Corea del Norte es ya una potencia nuclear, y a menos que algo extraordinario ocurra, siempre lo será. Una vez nuclear, siempre nuclear.
Hasta ahora, Sudáfrica es el único Estado que habiendo construido sus propias armas nucleares -por lo menos 6-, ha decidido con posterioridad, y de manera unilateral, su desmantelamiento. Lo hizo en 1989, en un momento histórico particular y acaso irrepetible: el fin de la Guerra Fría (y con ello, de la amenaza que representaba la influencia y el activismo pro-soviético en África); la terminación del régimen de apartheid y la transición a la democracia; y su reincorporación plena al orden internacional (que la llevó, entre otras cosas, a ratificar el Tratado de No Proliferación Nuclear).

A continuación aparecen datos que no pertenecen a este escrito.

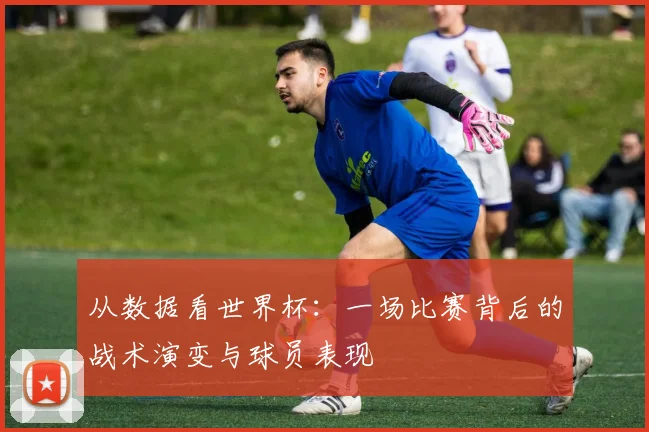 从数据看世界杯:一场比赛背后的战术演变与球员表现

Por otro lado, algunos de los Estados que surgieron como consecuencia de la implosión de la Unión Soviética heredaron un arsenal nuclear que fue destruido o entregado a Rusia, a cambio de garantías de seguridad que, por lo menos en el caso de Ucrania, no han sido siempre respetadas. Más dramática ha sido la suerte de regímenes como el de Hussein en Iraq o Gadafi en Libia, que clausuraron sus programas nucleares con el convencimiento de que al hacerlo estaban garantizando -por una vía distinta a la de la disuasión nuclear- su perpetuación. Esa expectativa resultó, a la postre, completamente engañosa.
La regla general parece ser que una vez un Estado desarrolla capacidades nucleares, difícilmente renuncia a ellas. Nunca se ha obligado a ningún Estado a renunciar a su arsenal nuclear. Solamente la conjunción de una serie de circunstancias excepcionales explica la decisión surafricana. Y vista la experiencia ajena -la de Libia, Iraq, y Ucrania- ¿qué Estado que haya desarrollado armas nucleares se allanaría fácilmente, incluso bajo la más severa presión, a abdicar el poderío que deriva de ellas?

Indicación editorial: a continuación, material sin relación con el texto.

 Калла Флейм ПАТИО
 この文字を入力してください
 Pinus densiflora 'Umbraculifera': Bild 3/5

La muy probable irreversibilidad de la apuesta nuclear de Corea del Norte se explica además por varios factores específicos. El primero de ellos es, naturalmente, el hecho de que para Pyongyang la guerra de 1951-1953 no ha terminado. Ese estado de guerra permanente, profundamente enraizado en la mentalidad de la gente y piedra angular del régimen norcoreano -fuertemente militarizado-, es leído en Pyongyang a la luz de la doctrina Juche, base del pensamiento político del Gran Líder y Presidente Eterno, Kim Il-sung. Según la doctrina Juche el destino del pueblo norcoreano y de su revolución está en sus propias manos. No puede depender de alianzas, ni promesas, ni garantías. Tampoco de los vaivenes de la política ni de la economía. Sólo la mayor autonomía, el mayor poderío, la mayor unidad, la mayor identidad, la más férrea voluntad, garantizan la continuidad de la revolución y la supervivencia de la patria.
Y ¿Qué puede ofrecer más autonomía, más capacidad de autodefensa, que las armas nucleares? ¿Qué enemigo externo se arriesgará a atacar a Corea del Norte? ¿Qué enemigo interno osará sublevarse?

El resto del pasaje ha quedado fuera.